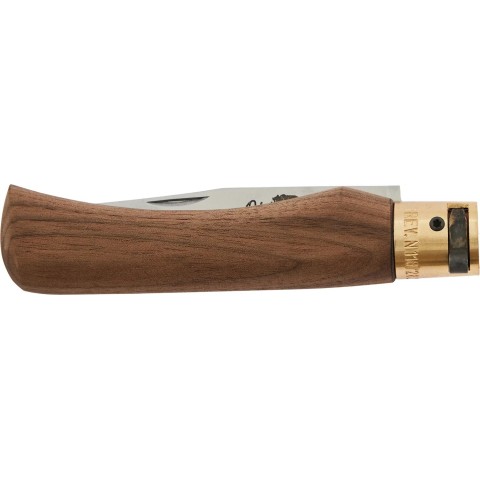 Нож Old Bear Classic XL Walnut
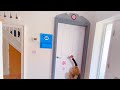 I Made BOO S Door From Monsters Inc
########################################
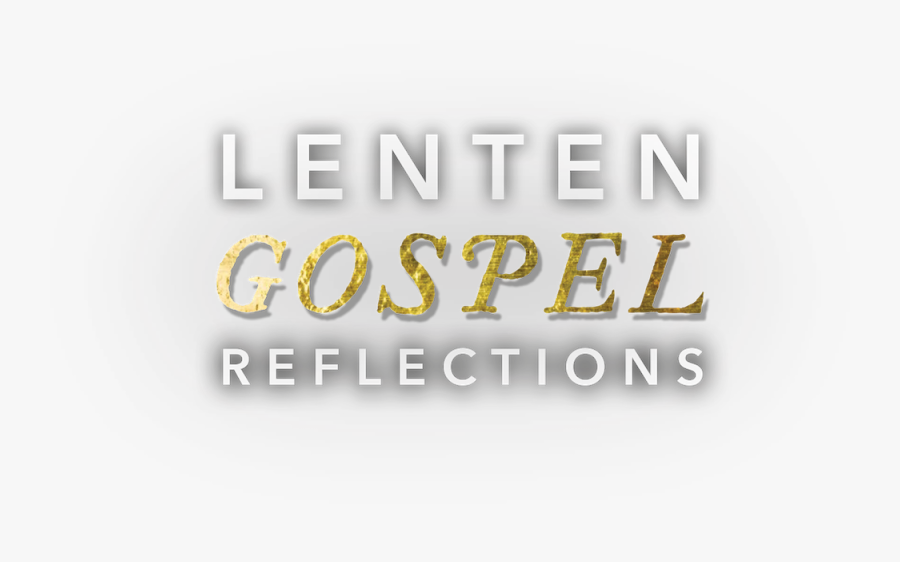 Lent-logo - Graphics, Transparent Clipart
########################################
:: WORK INSTRUCTION ::
Exercise for the records above: copy only the lines from the one with "Нож Old Bear Classic XL Walnut" to the one with "I Made BOO S Door From Monsters Inc", both ends kept, and drop the pictures.

:: TASK SOLUTION ::
 Нож Old Bear Classic XL Walnut
 I Made BOO S Door From Monsters Inc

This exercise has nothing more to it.